The players need to be conditioned for the pressure, not only from within the stadium but also from the fans back home whose hopes are resting on their shoulders.
The manager will draw up a list of the players selected to take a penalty and the order. This will depend on how good they are and whether they have the right mindset to handle the pressure.
Executing the plan
Next comes match day, when the plan needs to be executed. Because of the preparation, everyone knows what is expected of them and when.
Firstly, the manager needs to ensure that the penalty takers are on the pitch when the extra-time whistle is blown, so must manage his substitutions carefully.
Then there’s the actual shootout. Decisions have to be made as to who goes first and which goal to use, after which the team gathers on the halfway line. There is a long walk for the penalty taker from the halfway line to the penalty spot, and all the while the tension is mounting.
Similarly, there is a long walk for the goalkeeper from the side of the goal to the centre of the goal. Both will be trying to psyche each other out, and one goalkeeper will be at the opposition end, so the fans will be trying to disrupt him. Again, it comes back to mindset.
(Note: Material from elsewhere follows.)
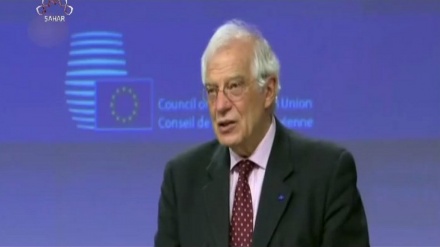 ایران کے خلاف پابندیاں ختم کرنے کا امریکا سے مطالبہ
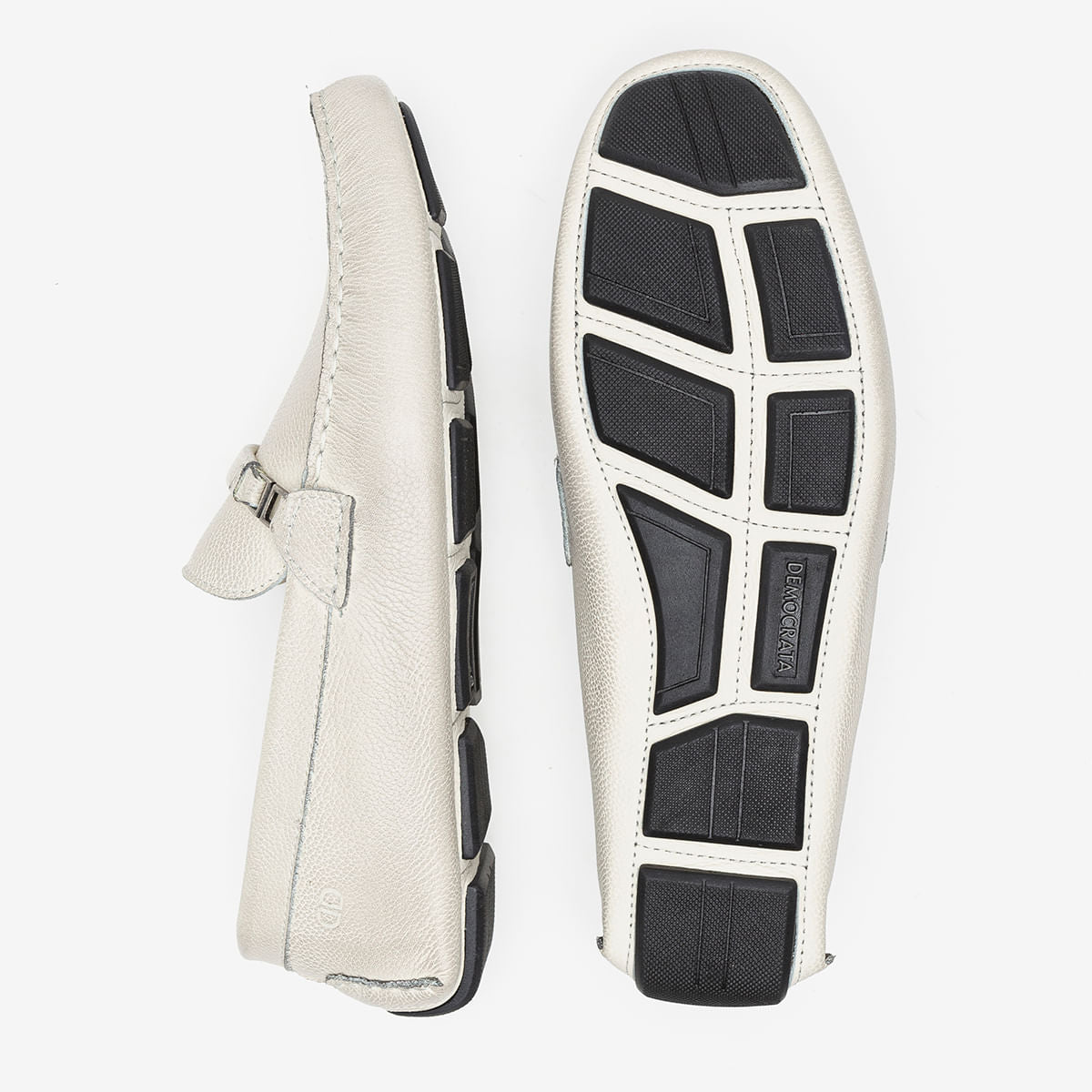 Mocassim Denim Laguna Neve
The penalty taker will place the ball on the spot, take his set number of paces backwards and get himself ready to take the kick. Just like he practised. The goalkeeper will stand at the centre of the goal and will try to make himself as large as possible, often jumping up and down waving his arms.
The referee will check both players are ready and blow his whistle. Once the whistle is blown and the penalty taker starts his run up, the goalkeeper knows he’s only got a 15-20% success rate, but his prior planning and revision will guide him as to which way he will dive. The penalty taker will hit the ball, which will travel at 80 miles an hour towards the goal.
There are five penalties before it goes into sudden death, so for the goalkeeper, this process must be repeated. That means staying focused and sticking to the plan.
And then there’s luck. But as they say, you make your own luck.
Own your business process
So, there was a lot more to that penalty shootout than meets the eye.
Statistically, Jordan Pickford had little chance of saving that penalty. But he did, because he (like the rest of the England team) prepared, withstood the pressure, and executed his game plan. In other words, he owned the process.
This tactic isn’t just reserved for our football heroes. It can also be applied to businesses. If you own a business, ask yourself – do you own the process? Does everybody within your team know what is expected? Do you have a game plan? Can everyone visualise the direction that your business is moving in to achieve your business goals?